Why We Need to Completely Redesign Education and Learning

Have you ever been sitting around or going about your daily routine, and then suddenly a great idea pops into your head? But you think to yourself, who would care, or can I even do anything to bring this idea to the attention of people who can benefit from it?

If you are like me, and your head is filled with a million ideas, and thoughts race through your mind at light speed, morning, noon and night, then you will know exactly what I mean.

You want to shape, mold, and build that idea into something spectacular. You want to scope it out, develop a plan, build a storyboard, chart a course. You want to research and test over and over again, so that you can make it perfect! But at the same time, you feel shunted and limited because of the usual red tape of societal boundaries and constraints.

Sometimes, you wish you can spend time in a lab or learning environment so that you can get updated on all the current knowledge and technology related to your academic pursuit, but you don’t have the time or money because you have to be employed in order to eat, pay bills, and have some decent quality of life.

Like most of us, you’ve had to endure a lifetime of schooling from about age 5 to adulthood, and chances are good that you have secured some kind of degree or diploma from an institution of higher learning, and possibly an advanced graduate degree. All in the pursuit of what? A JOB!

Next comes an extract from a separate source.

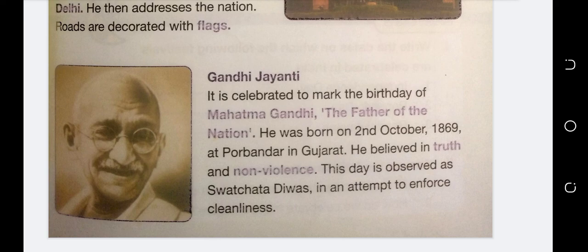Gandhi Jayanti is celebrated to mark the birthday of Mahatma Gandhi, the father of the nation. He was born on 2nd October 1869 at Porbandar in Gujarat. He believed in truth and non-violence. The day is observed as Swachhta Divas in an attempt to enforce cleanliness.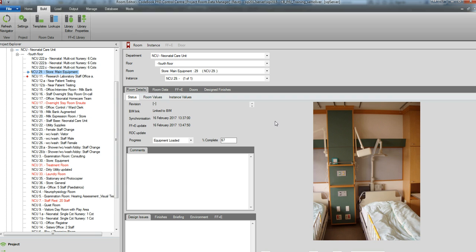That concludes a short tutorial on shared parameter mapping. If you have any questions, please contact support at codebookinternational.com. Thank you.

What did it take to get there? How many hours upon hours of work did you have to go through to arrive at some kind of educational standard set by different groups of governing bodies with different sets of rules? If you have ever felt frustrated, even outraged with the current state of standardized education for roughly the past 100 years, and how the traditional institutional learning process currently works in our culture, you are not alone!

History of Traditional Education

What do you think about when you hear “traditional education”? Do you conjure up images in your brain of classrooms, uncomfortable desks, pencils, text books, and teachers lecturing on boring subjects?

Well, education goes much farther back, when you consider ancient Egypt, China, Greece, and Rome. Although, the concept of school and education can be traced back to many different sources, these civilizations paved the way for several innovations that we see today. Their methods differed greatly at times, and they were not without problems, but a few concepts stick out to me as brilliant for their time.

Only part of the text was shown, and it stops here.